AIM OF THE TASK:
Word for word, set down the lines from the one that holds "Okay, now watch" through the final line of the listing below, and exclude every picture.
··· INFORMATION SUPPLIED
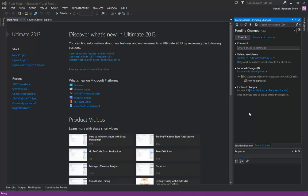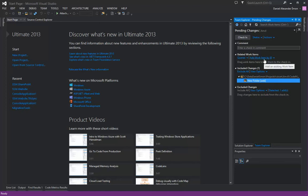As you can see here, I've got a change and TFS by default will happily let me check that in without associating it with any work item.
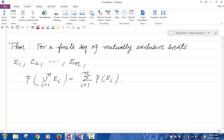So remember, Axiom 3 is basically the same as this equation, except that in Axiom 3 we had an infinite sequence of mutually exclusive events. So what I'm saying now is that the same is true when you have a finite sequence of mutually exclusive events.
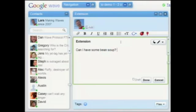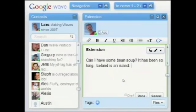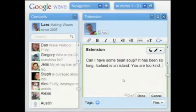Okay, now watch carefully. It has been so long. You are too kind. Pretty cool, huh? So that's our spell checker, or Spelly as we affectionately call it.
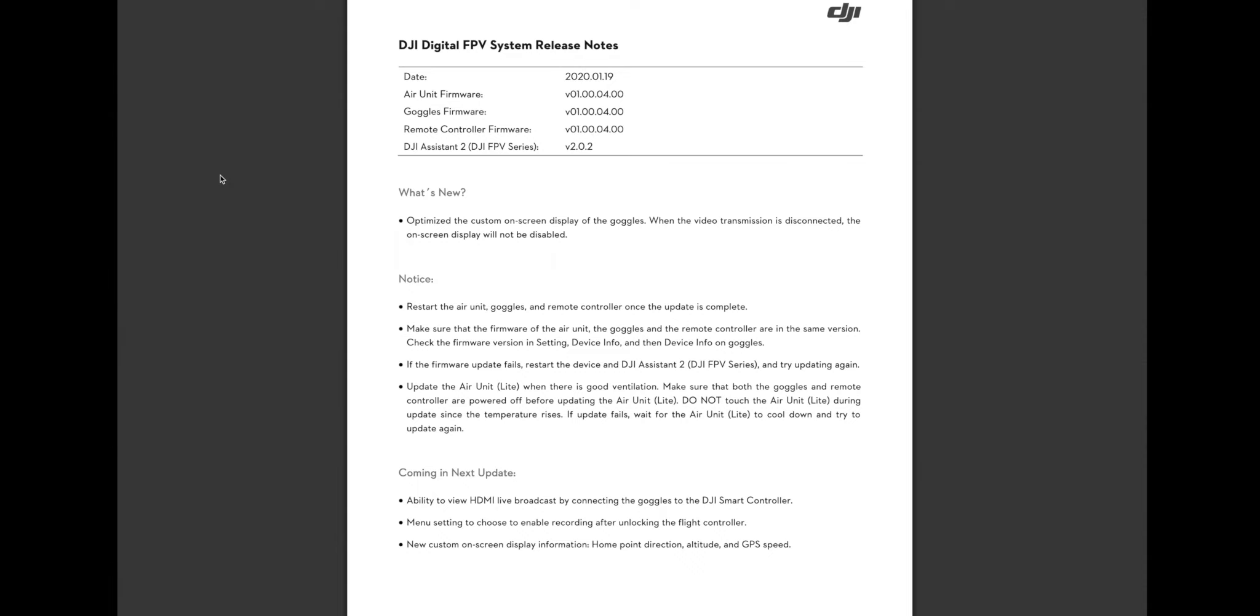Hello everyone! Welcome back to another DJI firmware update. This is the second one they've done now in January 2020.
······
OUTPUT BELOW:
Okay, now watch carefully. It has been so long. You are too kind. Pretty cool, huh? So that's our spell checker, or Spelly as we affectionately call it.
Hello everyone! Welcome back to another DJI firmware update. This is the second one they've done now in January 2020.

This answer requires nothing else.